(The data begins)

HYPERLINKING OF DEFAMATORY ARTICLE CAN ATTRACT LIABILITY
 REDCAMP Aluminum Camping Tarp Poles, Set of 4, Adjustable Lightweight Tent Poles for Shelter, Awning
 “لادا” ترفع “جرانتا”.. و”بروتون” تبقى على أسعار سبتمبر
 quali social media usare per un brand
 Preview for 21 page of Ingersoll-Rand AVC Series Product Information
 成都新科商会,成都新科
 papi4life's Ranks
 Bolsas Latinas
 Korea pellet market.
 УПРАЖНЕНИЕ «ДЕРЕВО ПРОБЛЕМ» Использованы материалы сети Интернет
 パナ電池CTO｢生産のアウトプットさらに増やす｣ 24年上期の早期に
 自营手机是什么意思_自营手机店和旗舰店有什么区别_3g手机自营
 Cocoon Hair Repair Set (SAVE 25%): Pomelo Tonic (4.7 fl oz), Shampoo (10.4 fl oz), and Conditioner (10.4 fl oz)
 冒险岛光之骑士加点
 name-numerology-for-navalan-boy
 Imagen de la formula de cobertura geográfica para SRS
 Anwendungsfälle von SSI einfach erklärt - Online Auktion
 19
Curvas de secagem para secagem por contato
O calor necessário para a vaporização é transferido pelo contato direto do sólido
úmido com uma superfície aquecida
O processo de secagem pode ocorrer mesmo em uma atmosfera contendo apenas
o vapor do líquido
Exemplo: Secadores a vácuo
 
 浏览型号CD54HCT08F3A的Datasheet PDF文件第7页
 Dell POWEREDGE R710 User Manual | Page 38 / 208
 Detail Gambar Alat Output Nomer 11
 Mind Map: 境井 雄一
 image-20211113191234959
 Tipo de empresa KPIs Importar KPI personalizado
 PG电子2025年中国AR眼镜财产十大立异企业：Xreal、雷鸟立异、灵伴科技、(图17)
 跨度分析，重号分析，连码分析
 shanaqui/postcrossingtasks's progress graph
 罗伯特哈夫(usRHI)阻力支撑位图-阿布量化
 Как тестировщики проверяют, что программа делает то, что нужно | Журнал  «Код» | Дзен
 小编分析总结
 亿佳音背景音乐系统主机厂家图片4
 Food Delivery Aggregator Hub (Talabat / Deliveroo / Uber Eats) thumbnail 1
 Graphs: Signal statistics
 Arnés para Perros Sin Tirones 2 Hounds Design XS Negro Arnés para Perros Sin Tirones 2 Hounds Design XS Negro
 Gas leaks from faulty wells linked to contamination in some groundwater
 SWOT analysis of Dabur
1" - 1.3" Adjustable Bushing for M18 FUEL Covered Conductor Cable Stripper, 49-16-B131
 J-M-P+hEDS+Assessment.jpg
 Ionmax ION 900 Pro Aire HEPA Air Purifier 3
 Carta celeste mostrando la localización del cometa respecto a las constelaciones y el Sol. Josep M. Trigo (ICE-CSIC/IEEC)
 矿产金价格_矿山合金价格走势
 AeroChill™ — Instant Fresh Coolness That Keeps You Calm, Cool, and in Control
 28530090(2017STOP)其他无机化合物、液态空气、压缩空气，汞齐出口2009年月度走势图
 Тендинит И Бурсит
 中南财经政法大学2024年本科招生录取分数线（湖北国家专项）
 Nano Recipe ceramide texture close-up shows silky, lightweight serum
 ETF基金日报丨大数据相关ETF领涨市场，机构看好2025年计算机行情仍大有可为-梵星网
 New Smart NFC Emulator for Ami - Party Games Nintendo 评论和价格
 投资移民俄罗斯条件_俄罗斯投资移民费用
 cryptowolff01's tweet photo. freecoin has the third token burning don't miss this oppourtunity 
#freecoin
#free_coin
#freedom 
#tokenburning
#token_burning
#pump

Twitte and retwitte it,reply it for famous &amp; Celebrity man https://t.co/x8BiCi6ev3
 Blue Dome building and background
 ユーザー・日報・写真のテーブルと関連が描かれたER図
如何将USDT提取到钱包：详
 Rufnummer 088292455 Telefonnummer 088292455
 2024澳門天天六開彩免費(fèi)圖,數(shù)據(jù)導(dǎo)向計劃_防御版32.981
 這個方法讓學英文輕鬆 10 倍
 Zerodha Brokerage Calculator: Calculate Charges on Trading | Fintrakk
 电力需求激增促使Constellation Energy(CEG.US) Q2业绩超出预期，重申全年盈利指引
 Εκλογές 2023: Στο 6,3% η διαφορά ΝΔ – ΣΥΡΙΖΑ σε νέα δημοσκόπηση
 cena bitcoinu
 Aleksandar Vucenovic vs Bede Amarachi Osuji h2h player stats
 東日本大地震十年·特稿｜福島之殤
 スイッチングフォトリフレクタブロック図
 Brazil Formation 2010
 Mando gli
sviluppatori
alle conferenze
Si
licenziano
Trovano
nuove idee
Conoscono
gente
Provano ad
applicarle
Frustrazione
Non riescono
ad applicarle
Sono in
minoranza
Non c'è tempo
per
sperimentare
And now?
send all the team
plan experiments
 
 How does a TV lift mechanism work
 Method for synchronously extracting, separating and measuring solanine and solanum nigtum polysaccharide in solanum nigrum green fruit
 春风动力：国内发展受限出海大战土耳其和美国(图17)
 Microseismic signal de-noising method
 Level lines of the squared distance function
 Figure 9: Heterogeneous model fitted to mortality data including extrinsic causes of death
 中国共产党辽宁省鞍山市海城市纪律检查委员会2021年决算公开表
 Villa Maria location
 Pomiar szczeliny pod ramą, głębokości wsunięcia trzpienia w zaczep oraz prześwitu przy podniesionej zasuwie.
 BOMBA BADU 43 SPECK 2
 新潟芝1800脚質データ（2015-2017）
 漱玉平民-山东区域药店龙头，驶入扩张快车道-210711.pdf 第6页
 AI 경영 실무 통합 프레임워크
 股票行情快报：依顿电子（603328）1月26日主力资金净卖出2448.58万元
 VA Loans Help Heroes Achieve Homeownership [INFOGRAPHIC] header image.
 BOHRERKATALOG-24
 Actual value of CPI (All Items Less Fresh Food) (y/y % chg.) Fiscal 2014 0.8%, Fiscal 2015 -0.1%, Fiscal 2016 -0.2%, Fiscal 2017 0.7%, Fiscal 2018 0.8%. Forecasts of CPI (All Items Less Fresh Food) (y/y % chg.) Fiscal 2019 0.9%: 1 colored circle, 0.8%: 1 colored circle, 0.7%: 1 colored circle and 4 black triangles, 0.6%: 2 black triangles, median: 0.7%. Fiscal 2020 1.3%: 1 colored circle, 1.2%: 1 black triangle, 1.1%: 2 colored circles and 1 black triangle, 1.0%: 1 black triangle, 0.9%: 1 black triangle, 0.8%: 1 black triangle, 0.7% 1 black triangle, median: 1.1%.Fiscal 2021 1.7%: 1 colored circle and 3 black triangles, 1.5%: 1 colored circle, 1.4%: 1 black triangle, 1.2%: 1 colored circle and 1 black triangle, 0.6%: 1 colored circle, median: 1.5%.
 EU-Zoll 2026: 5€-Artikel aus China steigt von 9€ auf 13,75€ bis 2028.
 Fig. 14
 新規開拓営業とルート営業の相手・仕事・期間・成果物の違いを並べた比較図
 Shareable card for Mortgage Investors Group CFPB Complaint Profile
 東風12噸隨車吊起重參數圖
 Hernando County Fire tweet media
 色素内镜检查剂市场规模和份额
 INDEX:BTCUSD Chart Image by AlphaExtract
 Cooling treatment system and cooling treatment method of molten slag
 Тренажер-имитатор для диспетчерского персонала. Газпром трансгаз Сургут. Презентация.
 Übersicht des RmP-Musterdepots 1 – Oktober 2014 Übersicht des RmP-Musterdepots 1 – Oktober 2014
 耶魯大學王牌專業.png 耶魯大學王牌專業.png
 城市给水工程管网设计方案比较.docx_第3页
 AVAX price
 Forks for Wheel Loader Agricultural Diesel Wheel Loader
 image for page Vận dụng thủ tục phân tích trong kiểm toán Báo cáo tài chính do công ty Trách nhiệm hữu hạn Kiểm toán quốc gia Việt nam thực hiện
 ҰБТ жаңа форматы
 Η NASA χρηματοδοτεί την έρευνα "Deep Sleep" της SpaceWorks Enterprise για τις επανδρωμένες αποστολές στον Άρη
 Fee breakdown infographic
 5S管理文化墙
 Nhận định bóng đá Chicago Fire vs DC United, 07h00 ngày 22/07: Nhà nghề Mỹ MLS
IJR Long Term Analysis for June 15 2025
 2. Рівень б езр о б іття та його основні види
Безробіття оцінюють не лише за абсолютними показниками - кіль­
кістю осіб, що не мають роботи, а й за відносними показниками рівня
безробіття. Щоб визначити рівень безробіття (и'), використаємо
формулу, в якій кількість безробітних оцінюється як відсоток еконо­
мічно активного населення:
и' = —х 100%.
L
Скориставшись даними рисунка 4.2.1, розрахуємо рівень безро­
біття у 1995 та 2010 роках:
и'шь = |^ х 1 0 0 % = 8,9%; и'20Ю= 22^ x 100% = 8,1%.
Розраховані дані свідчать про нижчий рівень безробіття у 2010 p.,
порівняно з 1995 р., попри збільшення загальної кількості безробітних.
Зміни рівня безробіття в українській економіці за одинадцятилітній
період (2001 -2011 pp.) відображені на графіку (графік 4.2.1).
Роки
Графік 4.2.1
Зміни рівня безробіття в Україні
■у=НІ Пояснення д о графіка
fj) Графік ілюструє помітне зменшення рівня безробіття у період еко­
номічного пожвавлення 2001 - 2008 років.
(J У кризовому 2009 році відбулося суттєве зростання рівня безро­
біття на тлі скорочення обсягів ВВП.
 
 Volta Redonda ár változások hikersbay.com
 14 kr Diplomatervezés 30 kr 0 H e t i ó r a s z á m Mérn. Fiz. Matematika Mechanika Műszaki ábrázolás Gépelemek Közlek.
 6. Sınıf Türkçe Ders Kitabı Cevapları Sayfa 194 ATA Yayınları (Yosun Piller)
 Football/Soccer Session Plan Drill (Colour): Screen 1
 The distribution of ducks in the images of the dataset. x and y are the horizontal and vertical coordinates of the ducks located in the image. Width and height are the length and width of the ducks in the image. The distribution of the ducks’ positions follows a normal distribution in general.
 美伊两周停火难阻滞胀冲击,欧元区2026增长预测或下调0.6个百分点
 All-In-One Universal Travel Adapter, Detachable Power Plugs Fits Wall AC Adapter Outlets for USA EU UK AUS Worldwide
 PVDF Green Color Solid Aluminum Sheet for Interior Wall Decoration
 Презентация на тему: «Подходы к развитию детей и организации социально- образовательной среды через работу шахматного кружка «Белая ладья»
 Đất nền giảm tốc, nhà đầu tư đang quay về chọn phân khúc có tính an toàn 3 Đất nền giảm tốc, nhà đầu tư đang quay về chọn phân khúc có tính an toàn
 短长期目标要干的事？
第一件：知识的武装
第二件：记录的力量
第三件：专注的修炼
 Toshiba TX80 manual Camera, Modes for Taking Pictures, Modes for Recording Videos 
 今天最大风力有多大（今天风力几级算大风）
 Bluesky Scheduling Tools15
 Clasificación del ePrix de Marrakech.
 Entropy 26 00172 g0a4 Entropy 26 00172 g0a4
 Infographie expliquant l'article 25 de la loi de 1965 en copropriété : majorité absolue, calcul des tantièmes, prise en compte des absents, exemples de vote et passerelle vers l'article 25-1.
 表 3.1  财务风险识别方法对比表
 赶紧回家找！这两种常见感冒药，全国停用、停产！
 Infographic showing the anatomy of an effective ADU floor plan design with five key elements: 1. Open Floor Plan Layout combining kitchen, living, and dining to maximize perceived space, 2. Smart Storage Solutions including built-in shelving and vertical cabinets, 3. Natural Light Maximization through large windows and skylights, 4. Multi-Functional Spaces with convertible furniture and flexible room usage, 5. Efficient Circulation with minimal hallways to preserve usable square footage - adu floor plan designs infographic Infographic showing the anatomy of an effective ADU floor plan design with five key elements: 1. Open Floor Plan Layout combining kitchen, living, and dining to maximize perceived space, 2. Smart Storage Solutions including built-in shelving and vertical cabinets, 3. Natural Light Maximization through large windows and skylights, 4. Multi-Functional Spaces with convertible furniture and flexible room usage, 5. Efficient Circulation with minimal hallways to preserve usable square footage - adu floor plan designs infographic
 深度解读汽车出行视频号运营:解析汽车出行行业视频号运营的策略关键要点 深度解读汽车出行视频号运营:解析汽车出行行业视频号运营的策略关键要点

(The data ends)

## Problem description:
Could you restate word for word the lines above from the one containing "quali social media usare per un brand" through the one containing "Graphs: Signal statistics", both included, and nothing else?

## Response to the task:
 quali social media usare per un brand
 Preview for 21 page of Ingersoll-Rand AVC Series Product Information
 成都新科商会,成都新科
 papi4life's Ranks
 Bolsas Latinas
 Korea pellet market.
 УПРАЖНЕНИЕ «ДЕРЕВО ПРОБЛЕМ» Использованы материалы сети Интернет
 パナ電池CTO｢生産のアウトプットさらに増やす｣ 24年上期の早期に
 自营手机是什么意思_自营手机店和旗舰店有什么区别_3g手机自营
 Cocoon Hair Repair Set (SAVE 25%): Pomelo Tonic (4.7 fl oz), Shampoo (10.4 fl oz), and Conditioner (10.4 fl oz)
 冒险岛光之骑士加点
 name-numerology-for-navalan-boy
 Imagen de la formula de cobertura geográfica para SRS
 Anwendungsfälle von SSI einfach erklärt - Online Auktion
 19
Curvas de secagem para secagem por contato
O calor necessário para a vaporização é transferido pelo contato direto do sólido
úmido com uma superfície aquecida
O processo de secagem pode ocorrer mesmo em uma atmosfera contendo apenas
o vapor do líquido
Exemplo: Secadores a vácuo
 
 浏览型号CD54HCT08F3A的Datasheet PDF文件第7页
 Dell POWEREDGE R710 User Manual | Page 38 / 208
 Detail Gambar Alat Output Nomer 11
 Mind Map: 境井 雄一
 image-20211113191234959
 Tipo de empresa KPIs Importar KPI personalizado
 PG电子2025年中国AR眼镜财产十大立异企业：Xreal、雷鸟立异、灵伴科技、(图17)
 跨度分析，重号分析，连码分析
 shanaqui/postcrossingtasks's progress graph
 罗伯特哈夫(usRHI)阻力支撑位图-阿布量化
 Как тестировщики проверяют, что программа делает то, что нужно | Журнал  «Код» | Дзен
 小编分析总结
 亿佳音背景音乐系统主机厂家图片4
 Food Delivery Aggregator Hub (Talabat / Deliveroo / Uber Eats) thumbnail 1
 Graphs: Signal statistics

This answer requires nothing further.